Beginner Kettlebell Workout – Georgia
I’m writing my next thirteen kettlebell workouts with beginners in mind. You’ll see lots of presses, squats, cleans, rows, and, of course, swings.
Why the next thirteen?
Because I’m a nerd. Because I’m easily entertained. Because we are going to be traveling through the original 13 colonies and just like the colonist had to start somewhere so does the beginner girevik. Combining history, travel, and kettlebells. I bet you won’t find another fitness blog that does that. 😉
Of course, if you are more advanced you can always swap out more difficult progressions, pick up a heavier kettlebell, or do more rounds. Or if you are brand new to exercise you can skip kettlebells all together and find a trainer who can teach you the basic some basic movement patterns. If that isn’t an option you could stick with bodyweight/mobility exercises to build up some core strength. Then come back later. Or if you insist, use a light kettlebell and do less rounds.
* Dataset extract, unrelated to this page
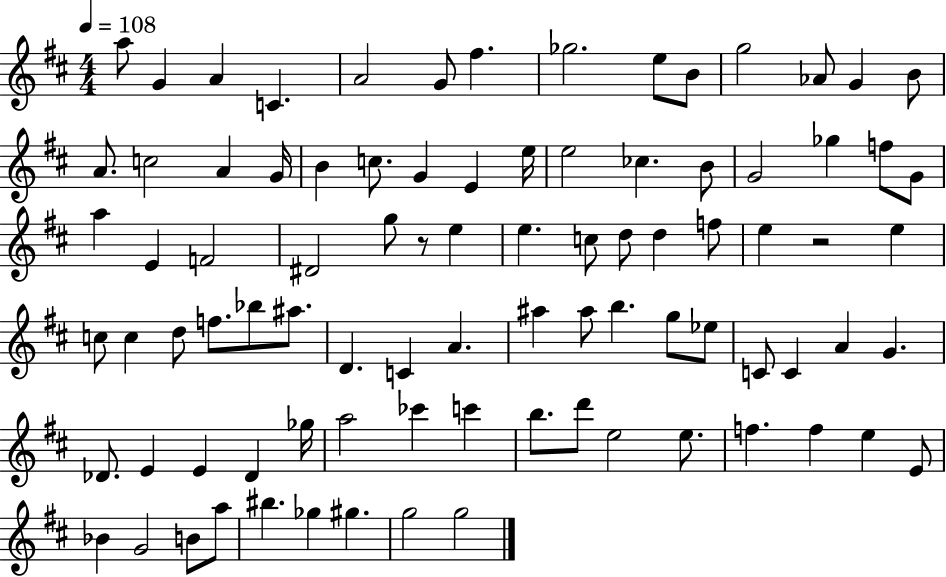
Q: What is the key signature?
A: D major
We filmed this workout in a little tiny town in Georgia called Glenwood. By chance, we came across this quiet campground and it was so peaceful we decided to stay awhile.
The sunset the night before we filmed the workout was beautiful. A nasty storm followed. Fun times in the RV.
Anyway onto the workout.
Kettlebell Workout for Beginners – Georgia
1. Squats – 5-8
2. Single Kettlebell Bear Crawl* – Find a length you feel comfortable walking. I crawled about 100 feet
3. Presses – 5-8 Each Arm
4. Overhead Walk Right** – Find a length you feel comfortable walking. I walked about 150 feet.
5. Swings – 20
6. Overhead Walk Left – Again find a length you feel comfortable.
7. Rows – 5-10 Each Arm
Repeat 3-7 times.
This kettlebell workout travels back and forth. Start at point A with squats. Bear crawl to point B. Then do presses followed by an overhead walk back to point A for swings and so on.
If you don’t have a long length to walk you could always set a timer for about 30 seconds and walk around your house or back in forth in your backyard.
*If you are unable to hold a plank for 30 seconds skip the bear crawl and work on a basic plank.
**Keep our core tight (abs braced) and shoulder blade down as if you are tucking it into your back pocket.
All right that’s it! Have a great weekend!!!